◆ Directions for this task
Go through the material below and tally every line with the string "Drive". Reply with the number only.
Material provided: Begin
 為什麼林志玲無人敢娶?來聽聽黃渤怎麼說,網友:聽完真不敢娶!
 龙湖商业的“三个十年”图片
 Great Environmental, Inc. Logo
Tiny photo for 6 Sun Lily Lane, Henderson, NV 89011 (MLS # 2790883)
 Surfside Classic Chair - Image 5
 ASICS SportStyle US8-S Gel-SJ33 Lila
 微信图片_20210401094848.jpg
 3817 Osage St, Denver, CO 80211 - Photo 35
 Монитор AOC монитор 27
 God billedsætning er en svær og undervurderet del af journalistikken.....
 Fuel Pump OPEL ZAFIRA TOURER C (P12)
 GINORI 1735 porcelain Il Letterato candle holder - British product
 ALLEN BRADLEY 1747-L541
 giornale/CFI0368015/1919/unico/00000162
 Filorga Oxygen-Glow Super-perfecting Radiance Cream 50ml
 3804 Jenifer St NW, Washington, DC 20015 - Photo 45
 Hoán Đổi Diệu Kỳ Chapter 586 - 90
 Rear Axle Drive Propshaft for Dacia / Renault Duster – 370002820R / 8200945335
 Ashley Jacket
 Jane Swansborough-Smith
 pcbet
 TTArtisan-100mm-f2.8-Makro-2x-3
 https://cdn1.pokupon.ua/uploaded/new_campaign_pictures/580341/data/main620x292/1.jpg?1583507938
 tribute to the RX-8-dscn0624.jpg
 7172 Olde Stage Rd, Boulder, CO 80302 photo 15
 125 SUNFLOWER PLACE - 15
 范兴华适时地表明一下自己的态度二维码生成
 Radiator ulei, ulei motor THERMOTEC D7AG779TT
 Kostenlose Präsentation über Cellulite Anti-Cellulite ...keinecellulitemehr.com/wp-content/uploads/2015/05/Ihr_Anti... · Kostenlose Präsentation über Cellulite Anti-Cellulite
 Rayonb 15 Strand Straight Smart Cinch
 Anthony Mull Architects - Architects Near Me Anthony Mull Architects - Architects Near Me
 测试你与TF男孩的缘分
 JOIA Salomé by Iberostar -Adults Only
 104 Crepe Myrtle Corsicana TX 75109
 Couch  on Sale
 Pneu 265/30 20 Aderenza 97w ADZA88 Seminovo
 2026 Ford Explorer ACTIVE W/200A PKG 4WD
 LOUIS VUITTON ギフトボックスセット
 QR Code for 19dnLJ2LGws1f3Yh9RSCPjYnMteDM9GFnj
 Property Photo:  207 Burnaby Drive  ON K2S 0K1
Material provided: End
◆ Task response
2